(Update 10/11 - Tableau dashboard is now downloadable!)
Helping prioritize time and resources is a tangible way data can bring value to your community's day-to-day work. Data can help identify clients who may have fallen through the cracks and illustrate progress towards housing your "long-stayers".
This exercise will walk you through how to use Tableau's DATEDIFF function to calculate length of time between two dates. From there we'll create a scatter plot to ID high-priority clients. We'll finish by adapting the dashboard to your own data. This activity will take about 30-60 minutes.
This prioritization matrix is modeled on Charles Temple and Cody Spencer's work on Jacksonville CoC's client dashboard - as spotlighted by the BfZ blog and Malcom Gladwell's Revisionist History Podcast!
You are free to download the embedded dashboard to see the final results but I highly encourage you to start from scratch!
Download the sample client data here and open the file in excel to see what we're working with.
For purposes of this exercise, the critical columns are Client ID, Date of Identification, Exit Date, and VI-SPDAT. The other columns are optional - feel free to introduce these other dimensions into your analyses to see if you can find any interesting patterns.

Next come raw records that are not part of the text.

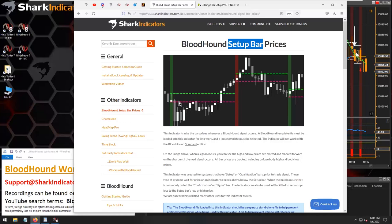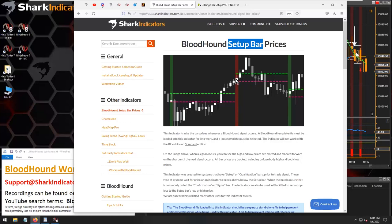Then you look for something like a breakout or a pullback. In this image, price continues to go down — maybe after the setup bar you wait for price to go down and then pull back to the lower end of that setup bar, and that's your signal bar. Or when the market goes back up, you identify a setup bar and look for price to keep going higher, then pull back and touch the upper or lower range of that setup bar.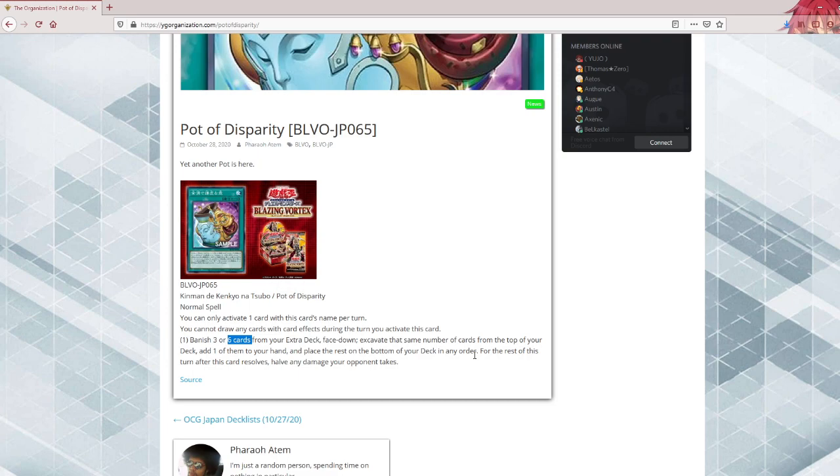Trap tricks might use this. A lot of decks that don't really use their extra deck a lot but can't risk randomly banishing would like this as you select which cards you banish.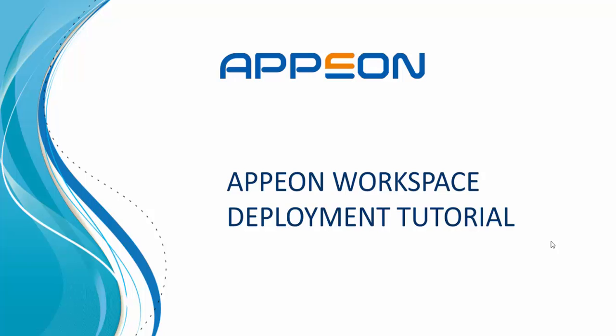In this tutorial, we will show you how to deploy the Appeon Workspace to an iOS or Android mobile device.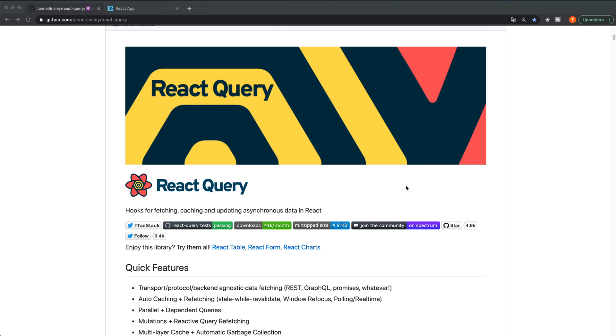Welcome to this little test drive where I'm going to try out the React Query library made by Tanner Linsley. Tanner Linsley has done a lot of great stuff for the community. For example, he has the React Table that I also used in some video a long time ago.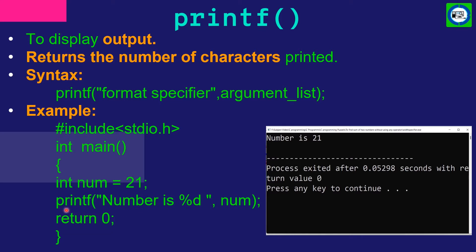In printf, we have written in double quotation 'number is %d'. Here %d is the format specifier and num is the argument. The output of this program is: number is 21.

Note that most of our clients don't have an exit date. There'll also be other peculiarities within the data such as multiple dates of identification for a single client and so forth. It'll be up to you to interpret and figure out how to navigate those bumps!
When you adapt your data to this template, either make sure your column headers remain the same or make sure to adapt your calculations and visualizations in Tableau to your column headers.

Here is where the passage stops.